Even though I am just a regular user of Python, +10 for me. It makes sense and I think I can easily teach it to people. However, (*expr for expr in its) should be generator expression and should be allowed to have nice mirror to all the un-packing comprehensions. It would be equivalent to: 
def gen(its):
    for expr in its:
        for x in expr:
            yield x 
Abdulla 

Sent from my iPhone

On 17 Oct 2021, at 12:28 AM, Guido van Rossum <guido@python.org> wrote:


On Sat, Oct 16, 2021 at 12:21 PM David Mertz, Ph.D. <david.mertz@gmail.com> wrote:
I'm not making any claims about tuple creation speed vs. list creation on microbenchmarks.
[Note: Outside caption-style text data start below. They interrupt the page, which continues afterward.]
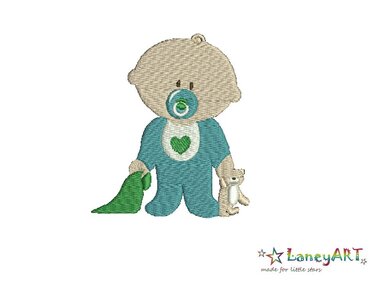 Stickdatei "Baby-Boy / Baby / Junge" Pes Format (Deco, Brother, Babylock) - Sticken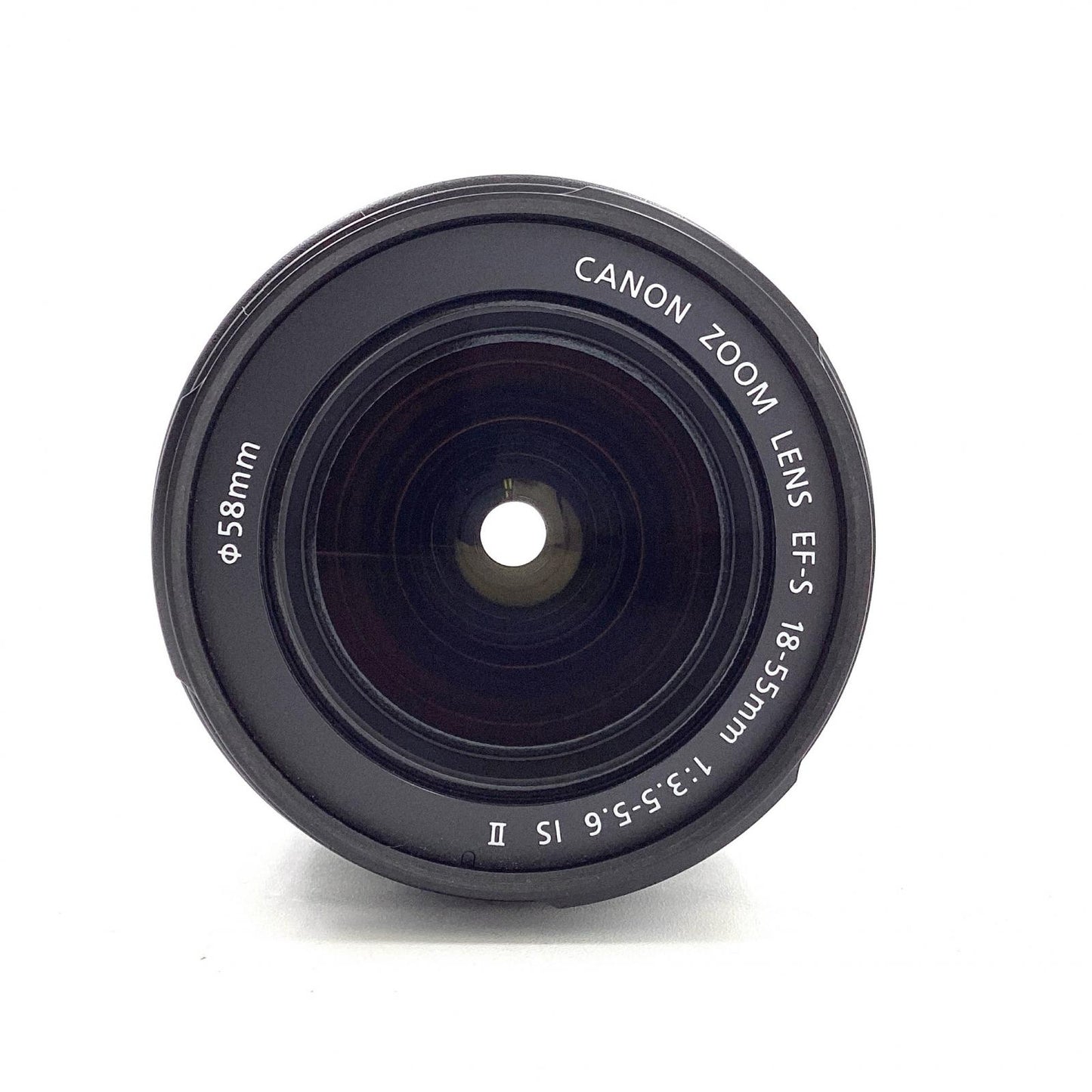 【全額返金保証】【最速発送】Canon EF-S18-55mm F3.5-5.6 IS II 超美品 動作確認済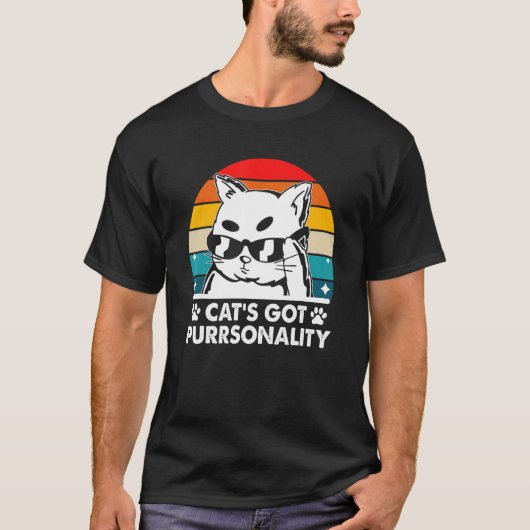 猫の個性 猫の名言 子猫の引用 Tシャツ (正面)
It might we'll be 10% faster to create a million item tuple than a million item list. Or maybe the opposite, I don't know.
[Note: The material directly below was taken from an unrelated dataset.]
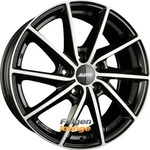 ALUTEC SINGA 5-LOCH diamantschwarz frontpoliert 7.5Jx18 5x108 ET55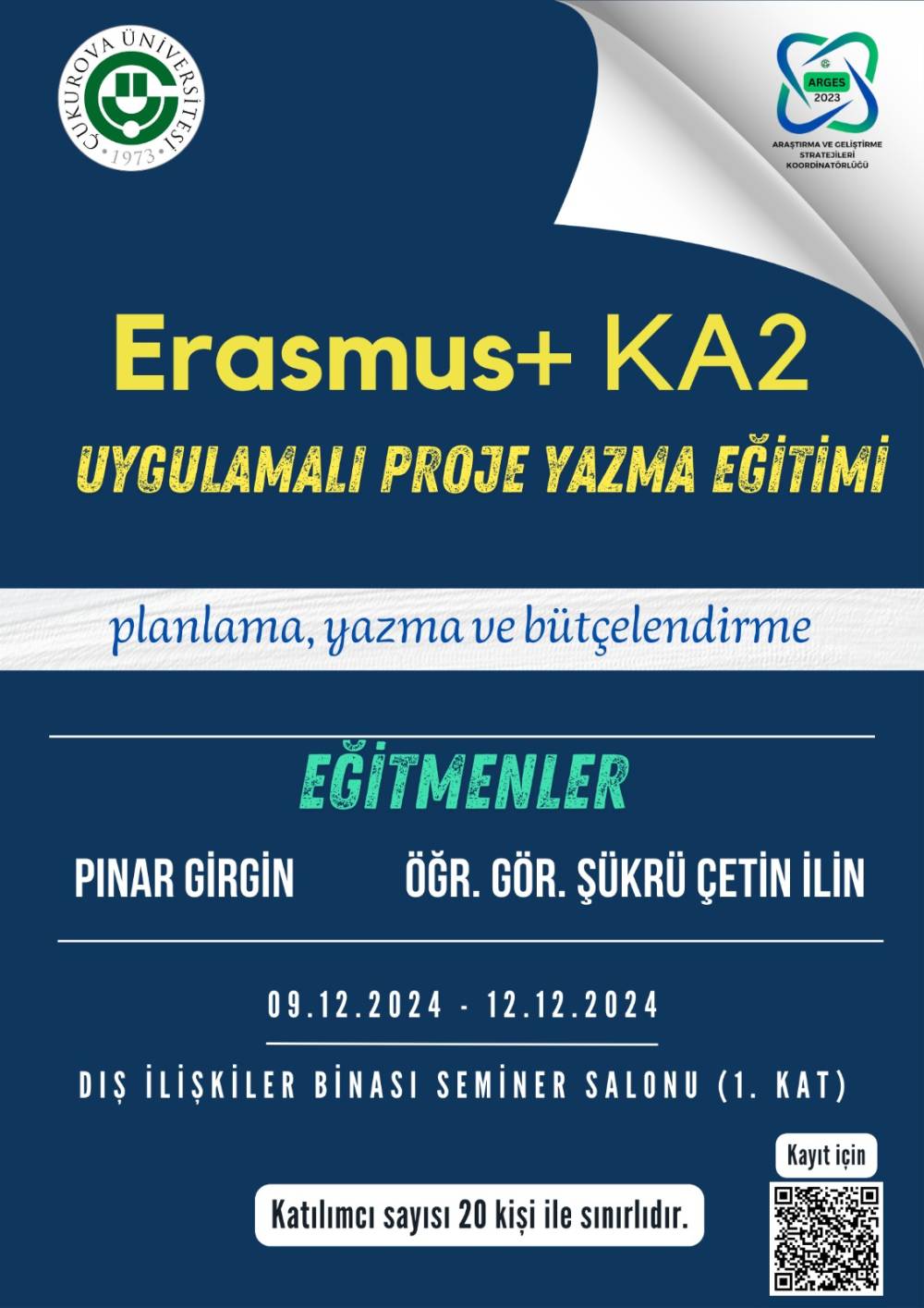 ERASMUS + KA2 Fonlarına Yönelik Uygulamalı Proje Yazma Eğitimi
The thing to know about this (for everyone) is that creating a new tuple of known size requires a single allocation while creating a new list always requires two allocations. Where this really makes a difference is not when you have a million items but when you create thousands or millions of objects of modest size -- for lists it takes twice as many allocations.
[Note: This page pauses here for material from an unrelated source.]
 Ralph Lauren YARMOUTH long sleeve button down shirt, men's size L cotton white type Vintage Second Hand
If the number of items is not known there are different strategies depending on what API you use; interestingly, the strategy deployed by PySequence_Tuple() has a comment claiming it "can grow a bit faster than for lists because unlike lists the over-allocation isn't permanent."

Finally, the bytecode generated for (*a, *b) creates a list first and then turns that into a tuple (which will be allocated with the right size since it's known at that point).